見たところ、それらはどこか一点を中心として放射状...というよりはどうも崖の方向全体から魔力の影響が広がっているのだ。
やはり何か崖に何かあるのかもしれない。
人間の国へと出発するのは二日後...。
幸いまだ十分に時間はある。
私はこうして、崖の方へと言ってみることにしたのだった。
崖はなお高く私の目の前に広がっており、見る限り...それほど遠くにあるようには見えなかったのだが。
あの崖は思った以上に遠くの方にあるのだ。
歩いても歩いても一向に近づく気配が無い...。
飛んでいけばすぐにつくだろうがそういうわけにもいかない。
何しろ今は昼間。
そして私は日の光を避けるためローブで全身を覆っている。
もちろん翼も隠れているので、思うように翼を動かせない。
羽ばたいて空を飛ぶなどできる気がしない...まあ試してはいないのだが...。
無理に空を飛ぼうとして、ローブが破れでもしたら大変である。
私は二度と日光に焼かれる思いはしたくないのだ。
そういうわけで、私は地道に歩いていくしかないのである。
しかし、その考えもすぐに打ち砕かれることになる。
私の前方に広がるのは巨大な湖である...。
その湖は、ちょうどこちらと崖を隔てるかのように広々と横たわっている。
空を飛べないものがこういった湖に対峙する。
どうしてもそれを渡りたい...そういったときは普通であれば、泳ぐなどといった向こう側へ行く方法がある。
しかし私はその方法は絶対にしたくない。
そんなことをすれば、必然的に口に水を含んでしまうことになる。
別に水が汚いというわけでもない。

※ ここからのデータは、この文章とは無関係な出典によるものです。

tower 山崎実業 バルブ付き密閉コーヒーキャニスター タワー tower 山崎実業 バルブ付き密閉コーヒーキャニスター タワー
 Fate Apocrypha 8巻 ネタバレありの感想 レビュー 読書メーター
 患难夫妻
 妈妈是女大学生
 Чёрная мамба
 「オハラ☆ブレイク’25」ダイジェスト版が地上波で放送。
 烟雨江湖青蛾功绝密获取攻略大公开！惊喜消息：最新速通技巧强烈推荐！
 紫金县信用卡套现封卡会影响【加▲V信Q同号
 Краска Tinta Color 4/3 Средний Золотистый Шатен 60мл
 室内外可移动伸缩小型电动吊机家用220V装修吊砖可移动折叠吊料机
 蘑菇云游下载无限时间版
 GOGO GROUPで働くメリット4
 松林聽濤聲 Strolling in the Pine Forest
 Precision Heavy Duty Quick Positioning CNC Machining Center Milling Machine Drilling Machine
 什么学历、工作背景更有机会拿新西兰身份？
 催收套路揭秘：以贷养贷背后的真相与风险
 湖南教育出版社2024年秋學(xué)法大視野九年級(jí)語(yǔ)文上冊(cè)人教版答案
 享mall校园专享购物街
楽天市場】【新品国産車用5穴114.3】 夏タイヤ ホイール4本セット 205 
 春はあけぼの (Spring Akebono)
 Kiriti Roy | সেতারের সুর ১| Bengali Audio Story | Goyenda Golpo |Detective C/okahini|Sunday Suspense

むしろ、すすんで飲みたいと思うほど透き通ったものだ。
しかし私はそういうわけにもいかない。
吸血鬼であるためであるのか、私は水を飲めない。
とても飲めたものではないのだ。
洞窟から出て、森で最初に口にしたあの池の水のことは忘れられない。
私には、この透き通った水が毒か何かでしかないのだ。
要は泳いで向こう側に行くことは不可能なのだ。
ではどうやって向こう側に行けばよいのか....。
こちらと崖側は完全に湖に隔てられており、見た限り道もない。
他に方法はいくつかある気もするが、私はある方法を思いついた。
道が無ければ、作ればよいのだ。